(Captioned web images)
☆ ☆ ☆
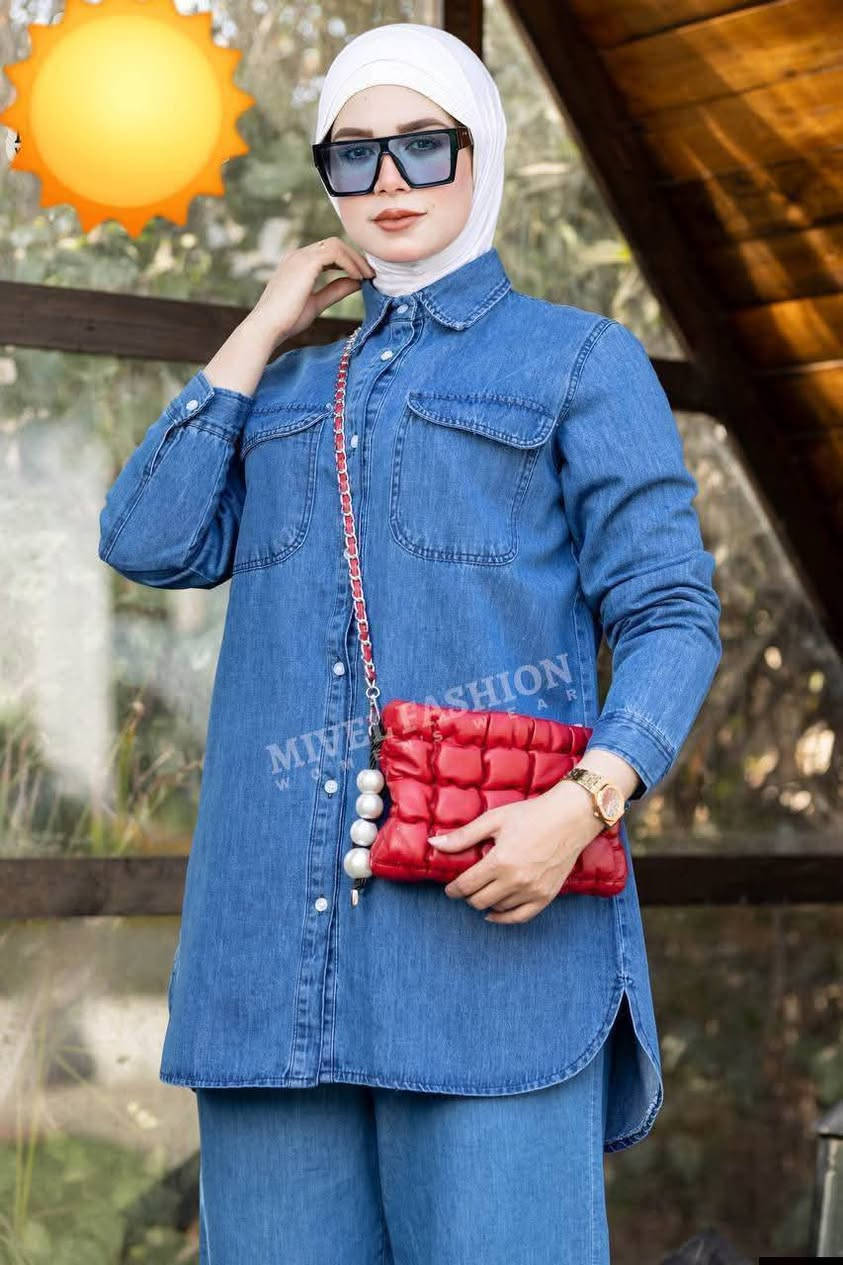 سوت جينز نسائي فرنسي الاصلي ناعم جداً
كل القياسات خاصه وعاديه متوفره
خامه ممتازه جدا درجه اولى ترفه
توصيل جميع المحافضات 5


**إذا كنت صاحب هذا الإعلان وتريد حذفه لأي سبب، رجاءا أرسل رسالة إلى الدعم الفني**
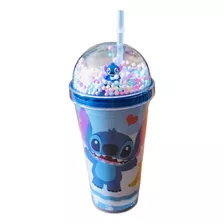 Vaso Stitch Con Luz Led 500 Ml 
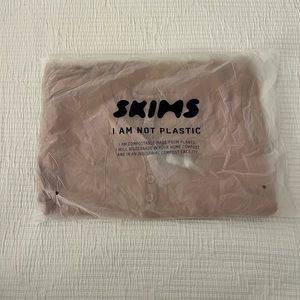 SKIMS Henley Pajama Dress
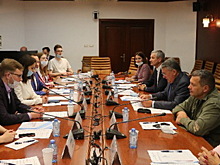 Дискуссионный клуб вологодского Молодежного парламента прошел в расширенном формате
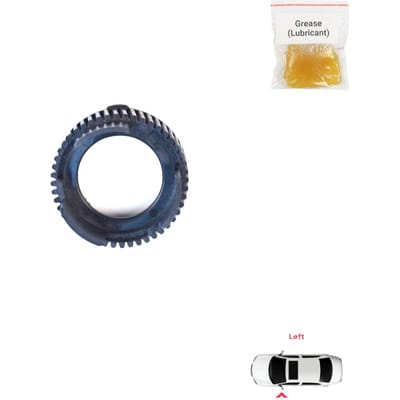 BGE738-1 Rétroviseur d'aile gauche pour remorquage Moteur d'actionneur pliant Engrenage de réparation pour Dodge Ram 1500 2017-2022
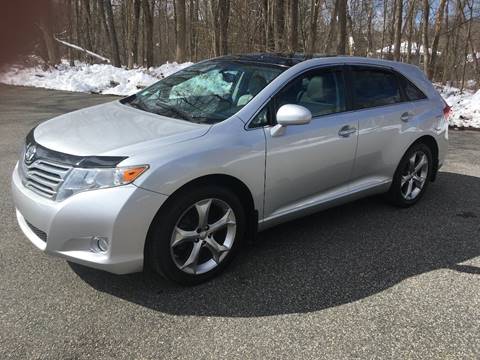 2010 Toyota Venza for sale at Lou Rivers Used Cars in Palmer MA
☆ ☆ ☆
_Task goal_
Without including any pictures, return every line of the records exactly.

_Output of the task_
 سوت جينز نسائي فرنسي الاصلي ناعم جداً
كل القياسات خاصه وعاديه متوفره
خامه ممتازه جدا درجه اولى ترفه
توصيل جميع المحافضات 5


**إذا كنت صاحب هذا الإعلان وتريد حذفه لأي سبب، رجاءا أرسل رسالة إلى الدعم الفني**
 Vaso Stitch Con Luz Led 500 Ml 
 SKIMS Henley Pajama Dress
 Дискуссионный клуб вологодского Молодежного парламента прошел в расширенном формате
 BGE738-1 Rétroviseur d'aile gauche pour remorquage Moteur d'actionneur pliant Engrenage de réparation pour Dodge Ram 1500 2017-2022
 2010 Toyota Venza for sale at Lou Rivers Used Cars in Palmer MA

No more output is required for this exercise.